Description of drawings
Fig. 1 is the typical micro-fluidic chip design drawing that the present invention relates to.
Fig. 2 is the structural drawing (exploded view) of micro-fluidic chip mould among the present invention.
Fig. 3 makes the noumenal modification polymethyl methacrylate micro flow control chip synoptic diagram for the original position bulk polymerization.
Fig. 4 is the encapsulation of micro-fluidic chip.
Fig. 5 is three kinds of environmental contaminants 2 of methacrylic acid noumenal modification polymethyl methacrylate micro flow control chip separation detection of the present invention, the electrophoresis pattern of 6-xylenol (a), phenol (b) and parachlorophenol (c).
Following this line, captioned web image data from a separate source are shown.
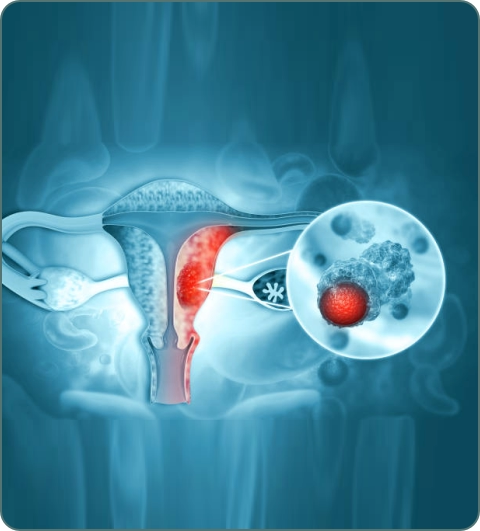 Radiation oncology and cancer treatment illustration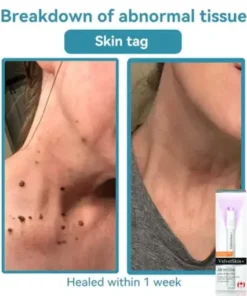 All-in-One CO₂ Laser Eraser Pen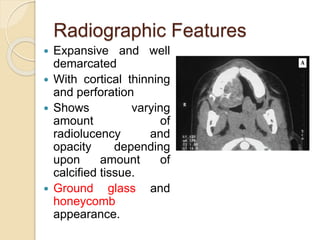 Radiographic Features 
 Expansive and well 
demarcated 
 With cortical thinning 
and perforation 
 Shows varying 
amount of 
radiolucency and 
opacity depending 
upon amount of 
calcified tissue. 
 Ground glass and 
honeycomb 
appearance. 
 
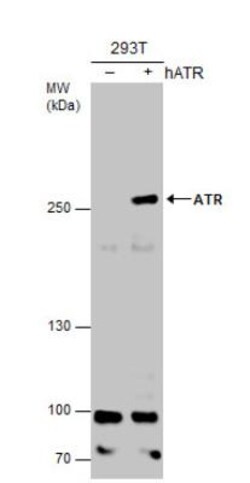 ATR Antibody (2B5), Novus Biologicals 0.1mL; Unlabeled:Antibodies, Monoclonal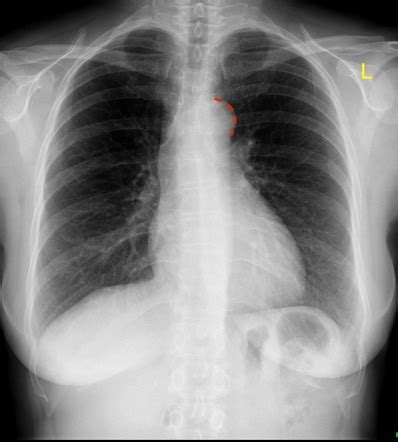 Aortic Knob On Chest X Ray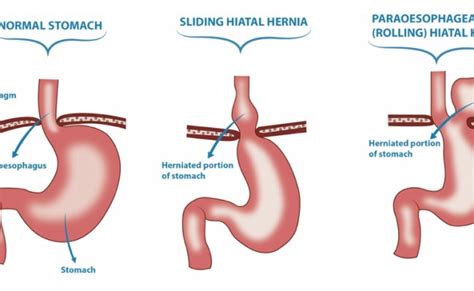 Hernia Symptoms Abdomen Hiatal Hernia Types Of Hernia Treatment Hernia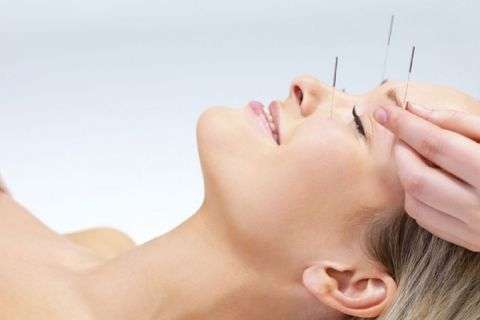 Kozmetik Akupunktur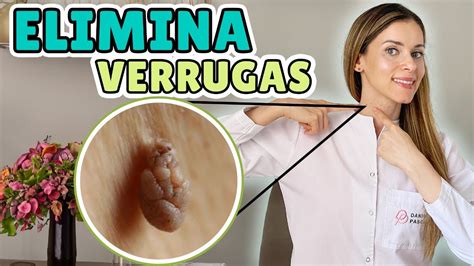 Elimina Verrugas Del Cuello Verrugas En El Cuello Nunca M S C Mo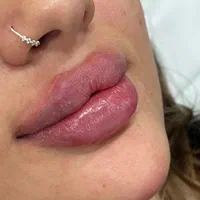 اموزش و مدل تزریق ژل و بوتاکس و فیلر|خدمات آرایشگری و زیبایی|شیراز, معالی‌آباد|دیوار
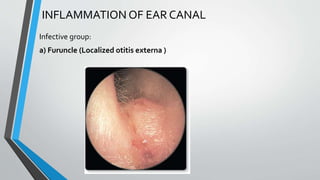 Diseases of External Ear.pptx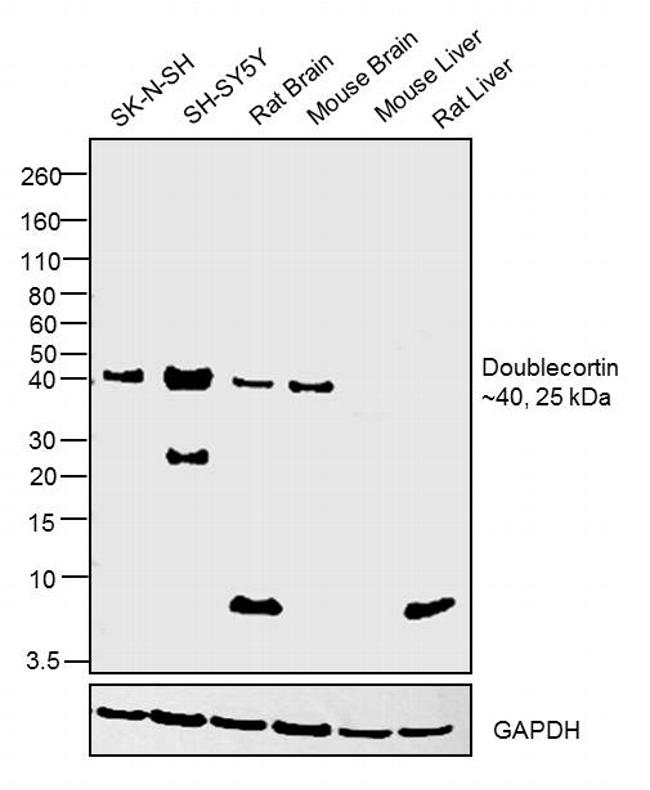 Doublecortin Antibody in Western Blot (WB)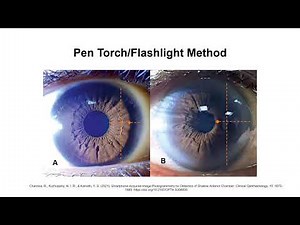 How Do You Clinically Assess the Anterior Chamber Depth?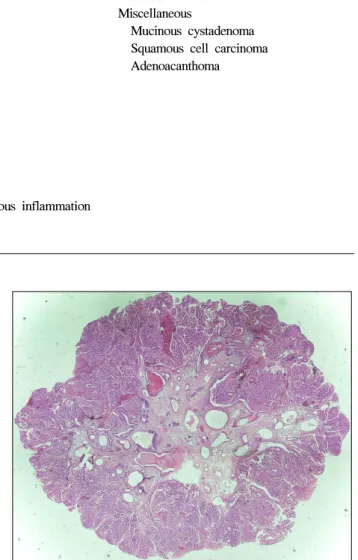 Fig.  2.  Microscopic  feature  of  the  adenomatous  polyp.  The  polyp  composed  of  glandular  structure  with  tall  columnar  epithelium  and  fibrous  stroma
Number in the figure: 1 is the sample solution hole, 2 for separating microchannel, 3 for containing microchannel 2 and 7 and solution hole 1,4,5 and 6 micro-fluidic chip, 4,5 and 6 are the buffer solution hole, 7 is the sample introduction kapillary, 8 and 8 ' is glass plate, and 9 for middle hollow out is the aluminium sheet of the rectangle of chip size, and 10 is the chip size cavity, 11 is open slot, 12 is the silicon formpiston, 13 microchannels for silicon male mold surfaces protrusion, and 14 is the micro-fluidic chip mould, 15 are the surperficial micro-fluidic chip substrate that microchannel is arranged, 16 microchannels that fall in for the micro-fluidic chip substrate surface, 17 is epiphragma, 18 is micro-fluidic chip.
Embodiment
Further describe the present invention below by embodiment and accompanying drawing:
1, the making of methacrylic acid noumenal modification polymethyl methacrylate micro flow control chip
(A) capillary channel and the solution connection holes of Adobe Illustrator 10.0 software design chips adopted in the design of electrophoresis chip, adopt high resolving power (3600dpi) laser photocomposing system on the polyester transparent film, to be printed as the mask negative film, microchannel width on the mask is 50 μ m, solution connection holes is the circular hole of diameter 2mm, wherein microchannel (separation capillary 2 and sample introduction kapillary 7) and solution hole 1,4,5 and 6 (Fig. 1) are transparent, and remainder is a black.The erect image of micro-fluidic chip is seen Fig. 1.Separate microchannel 2 long 6.0cm, sample introduction microchannel 5 long 0.5cm, wherein kapillary 4 and 5 point of crossing are 0.5cm to the distance of three nearest solution connection holes.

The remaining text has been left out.